I also appreciate that that he adapted Jennifer Weiner's In Her Shoes, a lovely film based on the novel by the quintessential "woman's author." That Hanson saw past the cultural framing of Jennifer Weiner's work as maudlin and feminine, that he saw it as art worthy of cinematic treatment, is one of the most admirable traits of Hanson's career.


September 1, 2016

Suspicious Reading




A lot of talk about literature and culture is knee-jerk. From grad schools to websites, we've learned to take an almost hostile view toward items of popular culture, especially if the cultural product is American and middle-brow (and, I would argue, feminine). We think we have a superior view of a book or movie and can see (unlike the masses) how reactionary it really is.

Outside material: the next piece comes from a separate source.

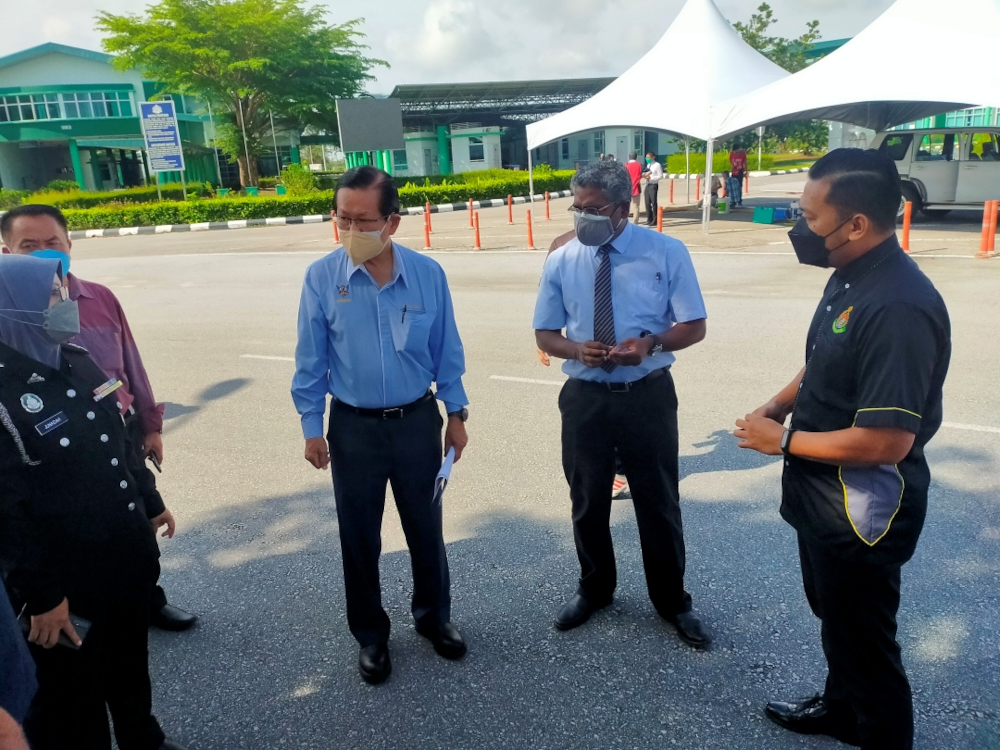 Transport Minister Datuk Sri Lee Kim Shin (second left) talks to Immigration officers and MDDMC members during the visit to Sungai Tujuh CIQS. On his left is Dr P Raviwharmman. u00e2u20acu201d Borneo Post Online pic 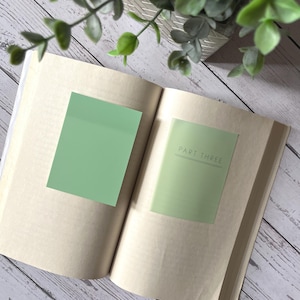 May include: An open book with two green sticky notes. The top note is blank and the bottom note says "PART THREE".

This viewpoint is the foundation of critique. It is the approach that sees art as disguised ideological messages or conundrums that even the author is likely to be unaware of. Reading becomes an exercise in unpacking the harmful dominant messages that the seemingly innocent text is foisting on us.

There's a lot of merit to that approach. As a feminist critic myself, I do critique all the time. And I still remember with admiration one of the first pieces of critique I read, Terry Eagleton's analysis of The Mill on the Floss.  But it's become a really unthinking and reflexive mindset—horribly superficial and self-satisfied. So it was with great pleasure that I read Rita Felski's The Limits of Critique, which takes apart pretty thoroughly critique's death grip on our critical faculties.

Felski's argumentation is too varied to convey here, but to give a taste of it: She discusses Eve Sedgwick, the queer theorist who has begun to question the hegemony of critique: "Sedgwick wonders at the ease with which suspicious reading has settled into a mandatory method rather than one approach among others. Increasingly prescriptive as well as excruciatingly predictable, its effects can be stultifying, pushing all thought down predetermined paths."

"Pushing all thought down predetermined paths" says it well. How many people's response to, say, Twilight is immediately (and predictably and stultifyingly), "It dresses up stalking as romance." Well, it really doesn't, but of all the narratives we've been taught to be suspicious of, romantic ones top the list. Romantic narrative is nearly always interpreted as being bad for women, despite the fact that women seem to love it (a love that is then framed as stupidity or naivete or lack of self-esteem). This kind of interpretation amounts to scanning the horizon for key words or key situations that the critic then gloms onto and pastes a label on. What it's missing is thoughtfulness and an attention to evidence.

Felski's book is academic (which means, among other things, it's way too long and jargony), but it's a good documentation of our efforts to break through the cage of critique and interact more freely—and intelligently—with art.